_Required action:_
Only the lines below, from the one with "Photo of property" through the one with "Used 2020 Volkswagen", are to be written out, exactly.

───── Records for this task ─────

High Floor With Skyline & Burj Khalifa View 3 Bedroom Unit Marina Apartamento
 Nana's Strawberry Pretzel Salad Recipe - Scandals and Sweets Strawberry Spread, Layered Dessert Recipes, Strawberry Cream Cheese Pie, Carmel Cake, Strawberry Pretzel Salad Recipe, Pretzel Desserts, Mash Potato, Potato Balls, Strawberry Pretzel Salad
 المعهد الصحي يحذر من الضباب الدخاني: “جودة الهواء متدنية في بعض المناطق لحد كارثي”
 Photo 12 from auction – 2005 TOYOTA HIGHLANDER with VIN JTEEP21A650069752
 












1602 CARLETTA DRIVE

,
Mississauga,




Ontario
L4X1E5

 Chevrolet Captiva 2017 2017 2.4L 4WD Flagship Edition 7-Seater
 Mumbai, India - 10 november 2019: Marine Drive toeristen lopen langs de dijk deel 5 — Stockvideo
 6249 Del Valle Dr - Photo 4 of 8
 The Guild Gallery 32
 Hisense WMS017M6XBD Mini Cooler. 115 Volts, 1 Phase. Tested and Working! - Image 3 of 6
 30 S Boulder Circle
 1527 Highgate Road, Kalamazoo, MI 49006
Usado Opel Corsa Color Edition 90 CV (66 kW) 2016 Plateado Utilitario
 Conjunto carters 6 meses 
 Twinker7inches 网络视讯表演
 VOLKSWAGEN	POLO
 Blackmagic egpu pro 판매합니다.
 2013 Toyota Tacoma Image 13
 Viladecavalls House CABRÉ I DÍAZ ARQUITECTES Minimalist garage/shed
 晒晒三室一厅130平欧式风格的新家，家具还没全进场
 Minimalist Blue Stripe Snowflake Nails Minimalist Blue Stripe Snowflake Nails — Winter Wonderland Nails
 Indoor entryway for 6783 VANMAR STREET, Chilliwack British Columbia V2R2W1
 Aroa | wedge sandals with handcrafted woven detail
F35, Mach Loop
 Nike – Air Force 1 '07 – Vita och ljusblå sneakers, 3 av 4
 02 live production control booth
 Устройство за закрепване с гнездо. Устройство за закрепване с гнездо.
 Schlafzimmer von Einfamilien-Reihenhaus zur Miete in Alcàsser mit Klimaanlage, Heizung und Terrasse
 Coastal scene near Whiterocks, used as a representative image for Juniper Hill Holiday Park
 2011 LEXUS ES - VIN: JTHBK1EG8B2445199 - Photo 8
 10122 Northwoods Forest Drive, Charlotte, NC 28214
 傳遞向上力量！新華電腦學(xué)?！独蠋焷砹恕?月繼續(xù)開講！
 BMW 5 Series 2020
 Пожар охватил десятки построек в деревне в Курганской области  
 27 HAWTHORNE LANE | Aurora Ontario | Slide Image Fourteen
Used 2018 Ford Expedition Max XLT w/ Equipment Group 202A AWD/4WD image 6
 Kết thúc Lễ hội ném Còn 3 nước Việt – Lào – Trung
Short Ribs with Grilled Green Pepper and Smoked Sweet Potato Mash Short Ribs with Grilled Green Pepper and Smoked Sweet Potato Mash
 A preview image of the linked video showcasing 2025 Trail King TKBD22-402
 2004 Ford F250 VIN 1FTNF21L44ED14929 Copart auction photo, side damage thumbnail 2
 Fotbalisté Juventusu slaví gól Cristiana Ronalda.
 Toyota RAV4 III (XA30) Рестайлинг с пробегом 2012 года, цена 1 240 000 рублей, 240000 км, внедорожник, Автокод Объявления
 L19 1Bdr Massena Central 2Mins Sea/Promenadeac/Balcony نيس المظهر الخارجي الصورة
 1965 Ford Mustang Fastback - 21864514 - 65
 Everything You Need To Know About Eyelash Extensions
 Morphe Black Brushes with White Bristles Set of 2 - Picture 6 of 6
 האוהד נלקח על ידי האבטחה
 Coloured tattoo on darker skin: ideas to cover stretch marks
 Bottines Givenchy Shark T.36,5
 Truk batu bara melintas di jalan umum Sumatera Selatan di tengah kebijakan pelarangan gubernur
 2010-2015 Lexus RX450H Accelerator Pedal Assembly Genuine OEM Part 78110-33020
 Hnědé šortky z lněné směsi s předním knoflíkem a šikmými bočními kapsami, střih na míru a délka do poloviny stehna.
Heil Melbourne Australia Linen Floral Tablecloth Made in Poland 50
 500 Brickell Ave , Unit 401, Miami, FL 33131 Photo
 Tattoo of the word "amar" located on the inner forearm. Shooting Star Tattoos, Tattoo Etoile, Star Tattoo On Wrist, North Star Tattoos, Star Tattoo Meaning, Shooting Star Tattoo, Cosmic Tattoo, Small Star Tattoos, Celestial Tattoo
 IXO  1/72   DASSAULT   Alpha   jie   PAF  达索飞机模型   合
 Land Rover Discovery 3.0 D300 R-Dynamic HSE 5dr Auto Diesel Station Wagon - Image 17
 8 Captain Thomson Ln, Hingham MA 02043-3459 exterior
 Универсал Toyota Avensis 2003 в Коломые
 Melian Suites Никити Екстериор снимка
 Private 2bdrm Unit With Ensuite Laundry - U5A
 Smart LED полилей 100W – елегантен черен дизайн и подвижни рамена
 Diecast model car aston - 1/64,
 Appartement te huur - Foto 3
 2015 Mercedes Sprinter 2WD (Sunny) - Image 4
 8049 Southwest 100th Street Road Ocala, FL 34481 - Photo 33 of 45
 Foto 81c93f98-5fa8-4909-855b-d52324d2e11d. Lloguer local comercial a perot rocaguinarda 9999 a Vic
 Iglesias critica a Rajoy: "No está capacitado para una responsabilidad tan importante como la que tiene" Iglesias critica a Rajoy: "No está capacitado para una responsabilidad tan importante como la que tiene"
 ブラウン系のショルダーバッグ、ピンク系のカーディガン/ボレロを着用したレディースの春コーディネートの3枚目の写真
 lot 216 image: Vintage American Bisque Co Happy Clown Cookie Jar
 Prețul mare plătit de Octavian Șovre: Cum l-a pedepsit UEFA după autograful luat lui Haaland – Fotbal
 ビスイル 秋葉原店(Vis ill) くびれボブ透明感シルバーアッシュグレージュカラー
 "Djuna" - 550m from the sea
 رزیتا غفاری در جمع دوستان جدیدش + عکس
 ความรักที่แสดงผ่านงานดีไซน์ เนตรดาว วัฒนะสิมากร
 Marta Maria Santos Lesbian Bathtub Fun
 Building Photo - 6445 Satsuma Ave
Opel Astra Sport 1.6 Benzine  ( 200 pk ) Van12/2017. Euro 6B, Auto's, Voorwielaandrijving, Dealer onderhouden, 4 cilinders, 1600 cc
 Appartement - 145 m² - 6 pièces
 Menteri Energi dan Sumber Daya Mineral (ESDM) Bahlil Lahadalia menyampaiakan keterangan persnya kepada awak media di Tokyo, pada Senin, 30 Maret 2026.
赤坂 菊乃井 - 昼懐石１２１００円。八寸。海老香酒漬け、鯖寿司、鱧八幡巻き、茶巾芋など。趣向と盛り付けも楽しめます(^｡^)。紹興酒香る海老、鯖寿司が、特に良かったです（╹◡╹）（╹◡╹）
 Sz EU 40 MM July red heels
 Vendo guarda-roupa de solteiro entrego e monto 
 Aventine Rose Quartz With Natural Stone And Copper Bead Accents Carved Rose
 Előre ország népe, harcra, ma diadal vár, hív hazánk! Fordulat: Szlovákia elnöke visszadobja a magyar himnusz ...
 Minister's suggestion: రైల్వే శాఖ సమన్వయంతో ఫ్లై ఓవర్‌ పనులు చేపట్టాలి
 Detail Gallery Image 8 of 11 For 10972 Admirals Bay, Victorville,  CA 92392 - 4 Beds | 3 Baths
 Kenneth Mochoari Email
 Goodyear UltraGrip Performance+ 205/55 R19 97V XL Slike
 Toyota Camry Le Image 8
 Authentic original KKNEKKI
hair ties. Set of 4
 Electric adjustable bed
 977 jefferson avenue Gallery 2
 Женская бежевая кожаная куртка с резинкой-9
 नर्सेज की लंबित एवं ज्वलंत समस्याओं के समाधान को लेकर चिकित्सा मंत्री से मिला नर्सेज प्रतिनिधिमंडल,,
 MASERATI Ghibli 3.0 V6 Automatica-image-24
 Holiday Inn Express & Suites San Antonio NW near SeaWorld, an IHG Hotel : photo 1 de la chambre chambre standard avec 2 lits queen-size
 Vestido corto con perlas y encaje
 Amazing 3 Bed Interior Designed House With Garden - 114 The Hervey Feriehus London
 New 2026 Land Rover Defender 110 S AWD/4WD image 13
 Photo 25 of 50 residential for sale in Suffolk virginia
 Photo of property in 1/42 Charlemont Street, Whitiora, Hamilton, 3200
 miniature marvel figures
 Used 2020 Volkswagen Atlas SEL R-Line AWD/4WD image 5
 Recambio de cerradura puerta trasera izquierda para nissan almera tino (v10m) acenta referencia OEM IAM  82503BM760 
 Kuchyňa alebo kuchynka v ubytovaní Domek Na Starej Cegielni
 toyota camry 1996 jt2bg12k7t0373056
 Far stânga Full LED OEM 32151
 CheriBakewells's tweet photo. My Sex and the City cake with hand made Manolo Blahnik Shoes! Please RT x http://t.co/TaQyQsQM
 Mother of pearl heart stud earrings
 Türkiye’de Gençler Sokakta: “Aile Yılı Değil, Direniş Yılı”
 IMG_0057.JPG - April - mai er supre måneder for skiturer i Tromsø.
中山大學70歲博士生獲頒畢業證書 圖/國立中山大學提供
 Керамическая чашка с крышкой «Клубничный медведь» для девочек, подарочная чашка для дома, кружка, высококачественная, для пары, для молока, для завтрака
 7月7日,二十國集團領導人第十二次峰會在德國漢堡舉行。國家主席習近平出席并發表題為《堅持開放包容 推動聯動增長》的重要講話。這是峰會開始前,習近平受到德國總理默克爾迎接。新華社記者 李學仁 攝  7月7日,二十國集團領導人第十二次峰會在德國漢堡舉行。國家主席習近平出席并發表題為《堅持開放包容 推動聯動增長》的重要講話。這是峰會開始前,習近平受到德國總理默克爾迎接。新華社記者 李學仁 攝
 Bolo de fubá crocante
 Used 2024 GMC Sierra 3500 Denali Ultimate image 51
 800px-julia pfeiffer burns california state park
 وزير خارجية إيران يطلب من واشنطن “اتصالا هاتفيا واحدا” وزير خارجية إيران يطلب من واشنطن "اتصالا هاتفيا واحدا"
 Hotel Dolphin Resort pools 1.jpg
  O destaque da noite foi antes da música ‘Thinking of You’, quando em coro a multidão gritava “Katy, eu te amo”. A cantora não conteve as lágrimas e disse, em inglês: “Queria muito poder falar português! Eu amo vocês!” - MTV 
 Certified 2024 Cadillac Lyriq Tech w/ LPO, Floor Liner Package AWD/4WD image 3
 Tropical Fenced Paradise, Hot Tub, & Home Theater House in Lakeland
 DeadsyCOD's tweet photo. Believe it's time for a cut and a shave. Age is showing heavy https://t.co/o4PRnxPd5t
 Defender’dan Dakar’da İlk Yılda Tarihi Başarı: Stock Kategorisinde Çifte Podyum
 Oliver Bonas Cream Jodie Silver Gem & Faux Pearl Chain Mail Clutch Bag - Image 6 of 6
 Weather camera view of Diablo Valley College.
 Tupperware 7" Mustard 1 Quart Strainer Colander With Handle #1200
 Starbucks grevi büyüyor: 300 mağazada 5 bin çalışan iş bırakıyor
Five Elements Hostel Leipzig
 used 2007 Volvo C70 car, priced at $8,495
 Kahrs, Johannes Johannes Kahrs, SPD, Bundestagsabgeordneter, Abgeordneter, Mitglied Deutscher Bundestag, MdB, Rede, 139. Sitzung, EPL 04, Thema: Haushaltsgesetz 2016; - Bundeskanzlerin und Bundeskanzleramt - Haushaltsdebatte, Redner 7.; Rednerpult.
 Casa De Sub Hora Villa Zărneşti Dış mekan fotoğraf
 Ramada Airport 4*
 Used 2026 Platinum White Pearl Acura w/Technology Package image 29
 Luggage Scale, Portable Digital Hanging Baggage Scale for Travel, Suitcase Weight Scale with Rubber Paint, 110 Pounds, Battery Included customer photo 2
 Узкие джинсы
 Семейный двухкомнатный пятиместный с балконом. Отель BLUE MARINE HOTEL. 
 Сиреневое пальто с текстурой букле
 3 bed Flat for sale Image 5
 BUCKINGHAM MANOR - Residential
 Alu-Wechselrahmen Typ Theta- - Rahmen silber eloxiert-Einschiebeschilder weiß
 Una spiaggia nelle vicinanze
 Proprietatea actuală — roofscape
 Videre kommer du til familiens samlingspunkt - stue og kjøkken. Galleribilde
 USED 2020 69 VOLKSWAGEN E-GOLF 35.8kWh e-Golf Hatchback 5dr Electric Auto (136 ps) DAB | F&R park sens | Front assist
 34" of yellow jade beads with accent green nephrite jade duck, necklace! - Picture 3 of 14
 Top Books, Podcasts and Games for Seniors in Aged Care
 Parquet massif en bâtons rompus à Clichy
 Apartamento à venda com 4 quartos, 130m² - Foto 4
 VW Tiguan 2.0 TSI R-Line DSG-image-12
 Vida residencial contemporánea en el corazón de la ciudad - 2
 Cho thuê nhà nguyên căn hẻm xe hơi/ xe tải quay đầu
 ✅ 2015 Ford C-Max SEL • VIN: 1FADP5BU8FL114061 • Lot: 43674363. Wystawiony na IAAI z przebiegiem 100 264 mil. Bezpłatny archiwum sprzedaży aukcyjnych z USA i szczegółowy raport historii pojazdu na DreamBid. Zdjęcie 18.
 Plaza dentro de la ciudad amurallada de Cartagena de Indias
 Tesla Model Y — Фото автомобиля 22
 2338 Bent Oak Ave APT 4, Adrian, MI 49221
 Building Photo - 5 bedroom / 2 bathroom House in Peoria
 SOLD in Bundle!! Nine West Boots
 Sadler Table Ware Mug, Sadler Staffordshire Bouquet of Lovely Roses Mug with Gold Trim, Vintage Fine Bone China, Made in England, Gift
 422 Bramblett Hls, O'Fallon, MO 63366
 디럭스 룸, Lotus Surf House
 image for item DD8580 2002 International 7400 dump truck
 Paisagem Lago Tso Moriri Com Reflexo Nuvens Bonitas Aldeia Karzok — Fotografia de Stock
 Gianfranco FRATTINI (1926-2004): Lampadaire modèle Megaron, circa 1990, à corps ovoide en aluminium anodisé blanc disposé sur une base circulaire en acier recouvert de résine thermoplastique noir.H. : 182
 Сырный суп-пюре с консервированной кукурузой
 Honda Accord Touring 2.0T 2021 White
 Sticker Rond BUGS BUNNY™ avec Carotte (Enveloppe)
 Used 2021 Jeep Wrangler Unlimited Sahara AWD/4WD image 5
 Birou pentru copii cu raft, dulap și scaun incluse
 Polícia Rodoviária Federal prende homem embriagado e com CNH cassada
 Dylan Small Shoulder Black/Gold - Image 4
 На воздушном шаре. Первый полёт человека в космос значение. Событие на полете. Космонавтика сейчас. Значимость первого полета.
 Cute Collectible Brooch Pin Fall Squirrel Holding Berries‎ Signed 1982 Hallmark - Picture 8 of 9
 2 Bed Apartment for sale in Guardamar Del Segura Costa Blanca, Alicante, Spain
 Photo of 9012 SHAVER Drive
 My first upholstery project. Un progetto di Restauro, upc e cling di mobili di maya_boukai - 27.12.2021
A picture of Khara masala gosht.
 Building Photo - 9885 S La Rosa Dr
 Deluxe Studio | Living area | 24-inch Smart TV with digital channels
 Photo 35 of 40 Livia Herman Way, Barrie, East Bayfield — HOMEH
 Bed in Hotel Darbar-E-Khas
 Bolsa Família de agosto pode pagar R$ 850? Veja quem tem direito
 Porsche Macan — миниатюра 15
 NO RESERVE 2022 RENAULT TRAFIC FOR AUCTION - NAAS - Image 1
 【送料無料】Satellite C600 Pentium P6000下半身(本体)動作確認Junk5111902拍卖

─────

_Output of the task:_
 Photo of property in 1/42 Charlemont Street, Whitiora, Hamilton, 3200
 miniature marvel figures
 Used 2020 Volkswagen Atlas SEL R-Line AWD/4WD image 5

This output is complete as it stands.